The deal pegged Paytm’s valuation at $10-12 billion, making it the country’s most valuable startup and the second decacorn. With this Paytm has now become single firm to have got the backing from Alibaba, Softbank, and now Berkshire Hathaway.
For a startup to get the abovementioned investors is dream come true. Especially for Paytm, which is loss-making and yet to prove its mettle when it comes to providing long sustainable product and business model.
Last year, Paytm’s losses stood at Rs 900 crore whereas its revenue was around Rs 829 crore. In the year prior to that, its loss figure touched Rs 1,497 crore. This year losses are also expected to go up as it has increased expenditure on marketing and partnerships.
The question arises, why and what led Berkshire to invest in Paytm? What is its expectation? Will there be more investment flowing into Paytm from Berkshire?

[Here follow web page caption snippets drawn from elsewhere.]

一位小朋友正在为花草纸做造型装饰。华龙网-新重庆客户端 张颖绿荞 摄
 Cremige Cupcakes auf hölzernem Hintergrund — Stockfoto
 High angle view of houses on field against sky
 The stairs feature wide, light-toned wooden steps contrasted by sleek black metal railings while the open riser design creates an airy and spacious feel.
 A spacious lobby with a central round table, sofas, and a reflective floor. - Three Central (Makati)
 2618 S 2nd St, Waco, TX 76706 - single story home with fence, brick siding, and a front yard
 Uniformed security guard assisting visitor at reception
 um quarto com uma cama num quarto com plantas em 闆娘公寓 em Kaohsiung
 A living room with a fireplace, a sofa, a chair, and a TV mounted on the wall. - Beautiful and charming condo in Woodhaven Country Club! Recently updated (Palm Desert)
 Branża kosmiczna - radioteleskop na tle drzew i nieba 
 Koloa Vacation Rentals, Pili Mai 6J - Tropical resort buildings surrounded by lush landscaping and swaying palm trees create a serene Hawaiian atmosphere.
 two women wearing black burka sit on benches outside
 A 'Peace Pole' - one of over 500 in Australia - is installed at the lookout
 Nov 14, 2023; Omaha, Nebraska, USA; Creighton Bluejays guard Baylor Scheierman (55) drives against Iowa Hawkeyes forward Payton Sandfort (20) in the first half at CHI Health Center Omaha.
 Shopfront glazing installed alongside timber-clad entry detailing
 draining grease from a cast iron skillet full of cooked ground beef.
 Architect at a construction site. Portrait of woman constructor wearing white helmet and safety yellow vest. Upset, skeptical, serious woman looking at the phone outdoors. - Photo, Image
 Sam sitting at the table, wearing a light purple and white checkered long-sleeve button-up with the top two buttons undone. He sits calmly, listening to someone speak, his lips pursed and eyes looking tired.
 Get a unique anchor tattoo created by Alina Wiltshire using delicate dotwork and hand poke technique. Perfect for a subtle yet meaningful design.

While it might take longer to get to exact answers of all the questions, there certainly are dots to be connected to get what the full picture would be like. If we see Berkshire, it is globally renowned firm with the market cap around $500 Billion. Based on its past record, it is known as one of the sharpest and most astute investors in the world.
Financial services companies including Goldman Sachs, Bank of America, Wells Fargo, American Express, Visa, and Mastercard are in its kitty. It is known to have turned around Goldman Sachs with $5 billion investment in 2008.
Paytm being its first Indian investment, based on its scale and execution, as per the Paytm founder, the partnership might lead many financial collaborations in coming years with Berkshire portfolio firms.
For Paytm, the $300 million investment is just the beginning.
“Berkshire wanted to invest more than what we have accepted. We did not think it was the right time to raise more money and dilute further, as we already have sufficient capital in the bank”, added Sharma.
The investment gate is left ajar, if the need arises, for the Buffet-backed firm. Berkshire too is aware of the financial opportunity Indian market has to offer. It would not like to miss it.
India’s fintech industry is expected to have a turnover of $2.4 billion by 2020. From Indian perspective, it may seem Paytm needs Berkshire. But looking from a global perspective, Berkshire needs Paytm too.
Besides, the presence of two big giants Alibaba and Softbank in Paytm, could lead to more future synergies involving Berkshire. Combs, who is an expert in financial services, has his own hedge fund and is on the board JP Morgan.
Combs is also part of the healthcare initiative between Amazon and JP Morgan. Therefore, he can, if the possibility arises, help to partner Amazon in long run.
At present, Paytm is bullish on financial services. Paytm plans to invest around Rs 5,000 crore in its payment bank in the next three years to enhance payment facilities for customers. It also aims to achieve $100 billion GMV by the end of 2019.
With Berkshire investment and expertise on table now, it can certainly help build Paytm into the dominant and biggest financial services firm in India.